I completely agree with the idea of teaching regular expressions early on. I'm
teaching a course in the winter and plan to make regex my first topic. Can't
say it much better than Cory Doctorow did:

[https://www.theguardian.com/technology/2012/dec/04/ict-
teach...](https://www.theguardian.com/technology/2012/dec/04/ict-teach-kids-
regular-expressions)

> I think that technical people underestimate how useful regexps are for
> "normal" people, whether a receptionist labouriously copy-pasting all the
> surnames from a word-processor document into a spreadsheet, a school
> administrator trying to import an old set of school records into a new
> system, or a mechanic hunting through a parts list for specific numbers.
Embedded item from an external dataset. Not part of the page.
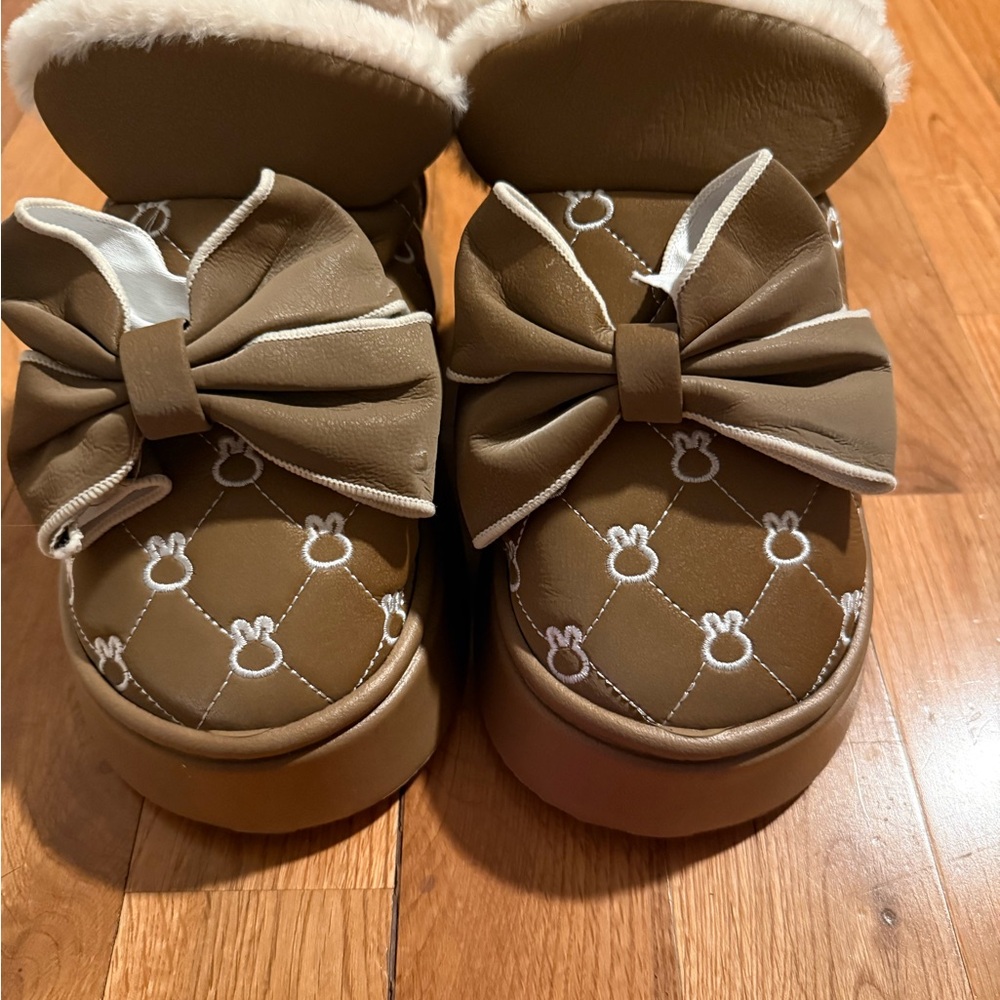 Brown Fuzzy Bow Boots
> The reason technical people forget this is that once you know regexps, they
> become second nature. Any search that involves more than a few criteria is
> almost certainly easier to put into a regexp, even if your recollection of
> the specifics is fuzzy enough that you need to quickly look up some syntax
> online.

> Knowing regexp can mean the difference between solving a problem in three
> steps and solving it in 3,000 steps. When you're a nerd, you forget that the
> problems you solve with a couple keystrokes can take other people days of
> tedious, error-prone work to slog through.

------
jayajay
Wow, nice find. Let's all appreciate how fucking dope Daniel Shiffman's videos
are:

[https://www.youtube.com/user/shiffman/videos](https://www.youtube.com/user/shiffman/videos)

------
mabey
Looks like a quality channel for learning new programming skills. Can anyone
recommend any other youtube channels for this sort of stuff? I've heard
funfunfunction is also very good.